OK, this time it is not merely a case of Microsoft people (the non thinkers). I also left a piece out of the previous article. In part because I thought it was self evident, in part because it is a little harder to explain, not harder exactly, there is a lot more to this than meets the eye, but those in this environment will get it fast enough. You see, my solution might not help Elon Musk, he doesn’t have enough time. Even if his Tesla Mobile department gets cracking, he might not get the minimum numbers to convince a judge (I reckon 9%-11% would do the trick). First we need to look at a specific population. 

This is a representation of a fake account population. For arguments sake I kept an even distribution (which is not the case). The top segment are governments, really clever hackers and a few others. We won’t be able to get to them. Then we get the clever click-farms and trolls and last the eager beaver click-farms and stupid trolls. It’s the lower two segments that matter, the lowest tier is the easiest to get to, but will need work. The other one needs a lot more work and that is the path others have not trodden on (at least I think they have not).

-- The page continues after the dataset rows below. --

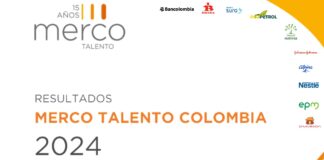 Merco Talento 2024 Colombia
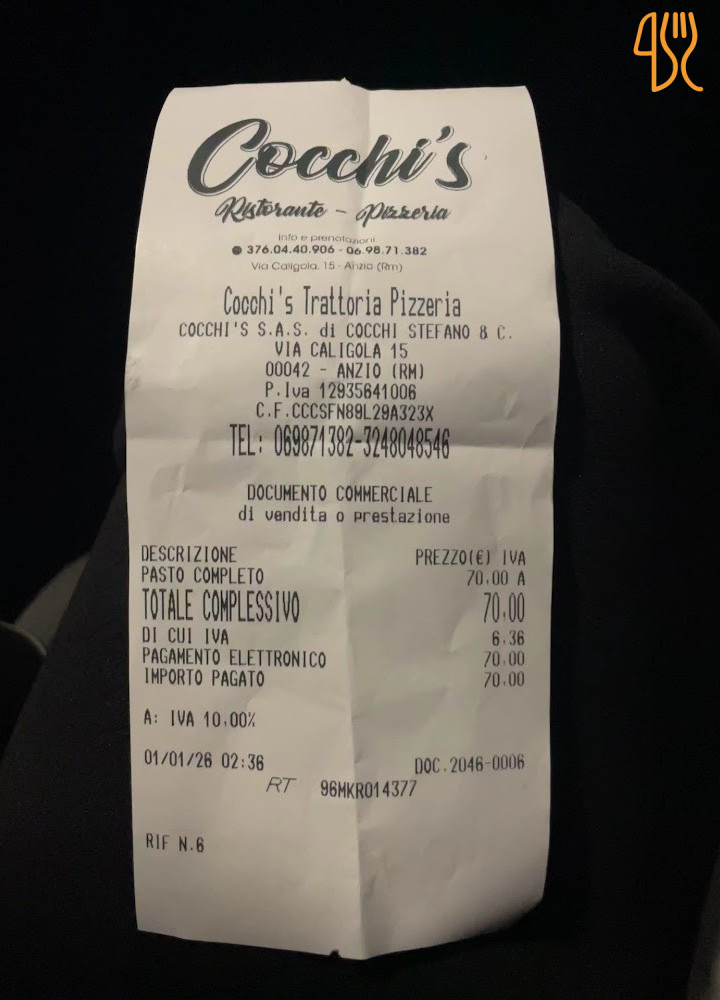 Cocchi's Trattoria Pizzeria Speisekarte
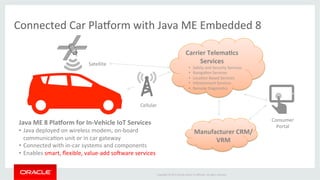 Copyright	
  ©	
  2015	
  Oracle	
  and/or	
  its	
  aﬃliates.	
  All	
  rights	
  reserved.	
  	
  	
  
Connected	
  Car	
  Pla_orm	
  with	
  Java	
  ME	
  Embedded	
  8	
  
Satellite	
  
Cellular	
  
Carrier	
  Telema;cs	
  
Services	
  
Manufacturer	
  CRM/
VRM	
  
Java	
  ME	
  8	
  Pla9orm	
  for	
  In-­‐Vehicle	
  IoT	
  Services	
  
•  Java	
  deployed	
  on	
  wireless	
  modem,	
  on-­‐board	
  
communicaIon	
  unit	
  or	
  in	
  car	
  gateway	
  	
  
•  Connected	
  with	
  in-­‐car	
  systems	
  and	
  components	
  
•  Enables	
  smart,	
  ﬂexible,	
  value-­‐add	
  socware	
  services	
  	
  
Consumer	
  
Portal	
  
•  Safety	
  and	
  Security	
  Services	
  
•  NavigaIon	
  Services	
  
•  LocaIon	
  Based	
  Services	
  
•  Infotainment	
  Services	
  
•  Remote	
  DiagnosIcs	
  
 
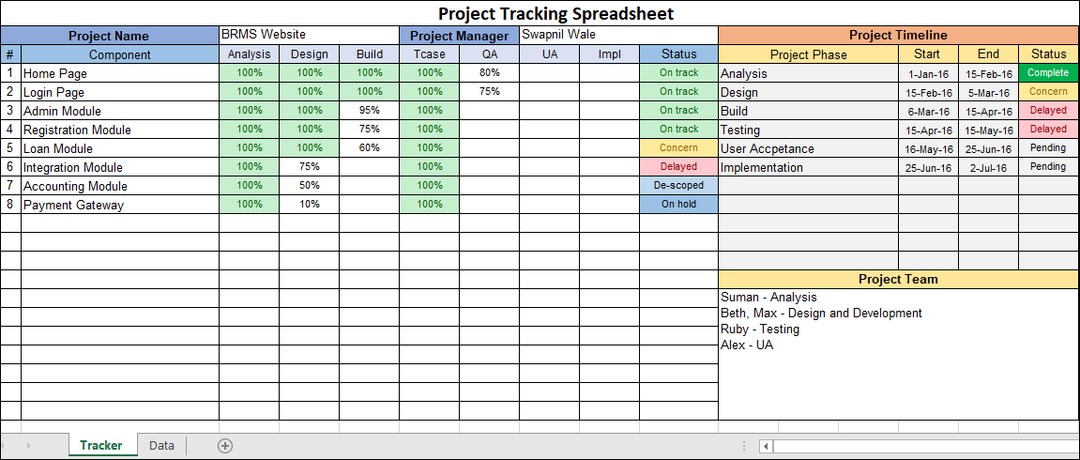 Project Tracking Spreadsheet, Project tracker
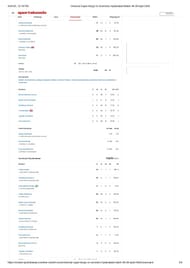 CSK vs SRH IPL 2024 scorecard.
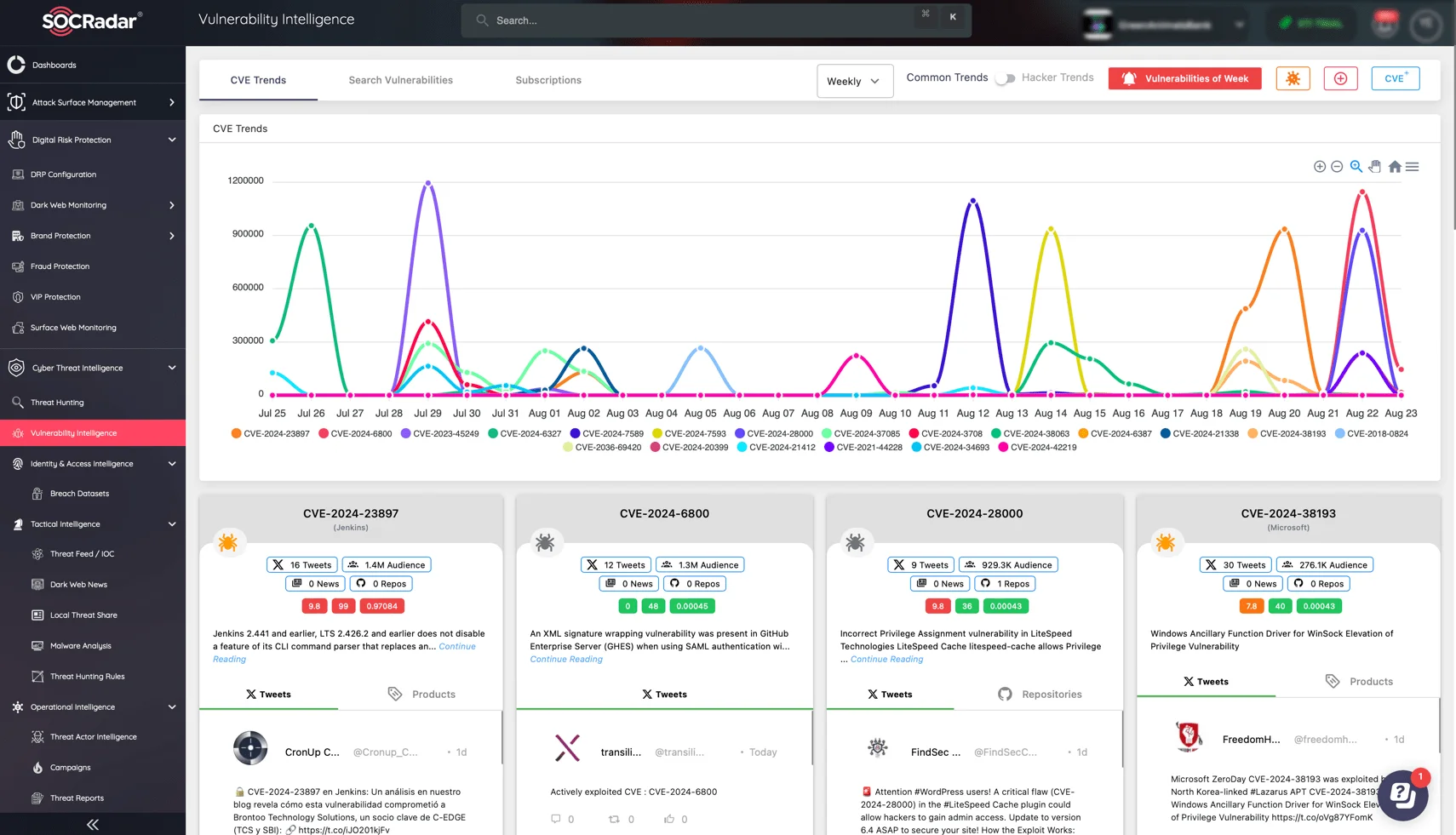 View the latest CVEs and hacker trends via SOCRadar’s Vulnerability Intelligence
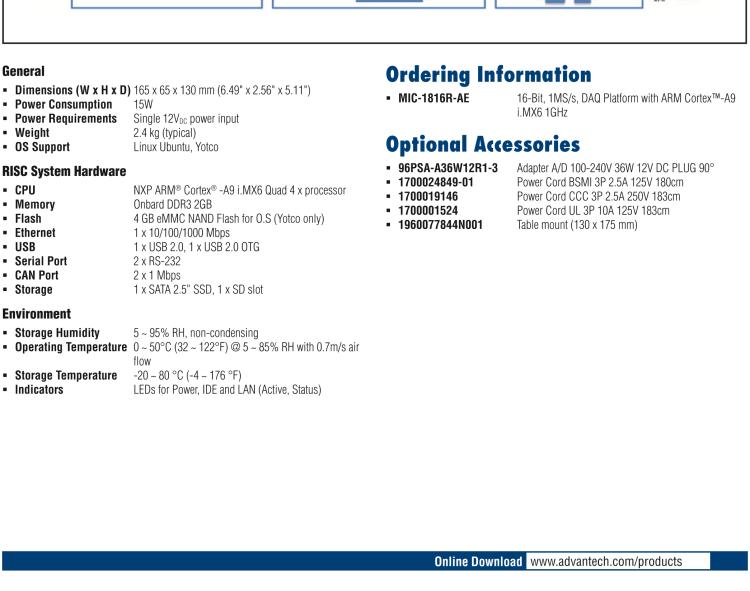 研華MIC-1816R 帶有ARM Cortex?-A9 i.MX6 1GHz的16位，1MS/s DAQ平臺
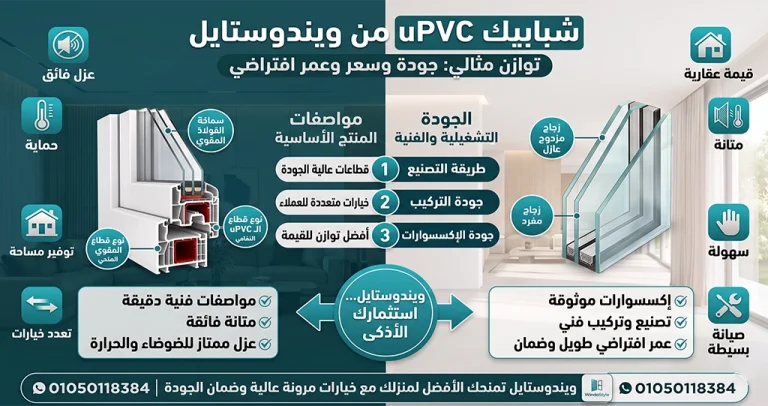 أسعار شبابيك PVC من ويندوستايل دليل شامل 2026 7 عندما تبحث عن أفضل أسعار شبابيك PVC، فإن ويندوستايل تقدم خيارات مثالية تجمع بين الجودة والسعر المناسب تعد شبابيك PVC خيارًا شائعًا نظرًا لمتانتها وكفاءتها في توفير الطاقة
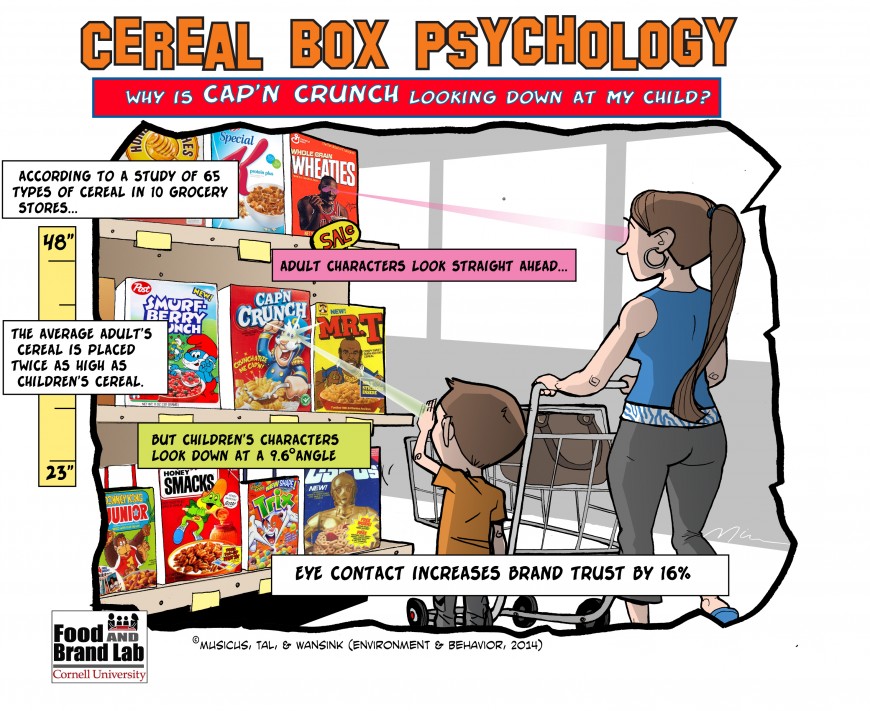 Cereal Box Design Psychology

In this there are two groups click-farms and trolls. We can get to a lot in the same way. A click farm get the revenue, by clicking (yes, it is that easy), the problem is that they need 10 clicks for a cent, as such China has a lot of these farms. People pressing buttons one after another. But here is the little surprise. There is a method, there are paths we can use to find them, and the lowest group first. There are all matters of ways that some hunters go through, because they have specific targets. In this case we also have targets, but the lowest group, it also means the most work. 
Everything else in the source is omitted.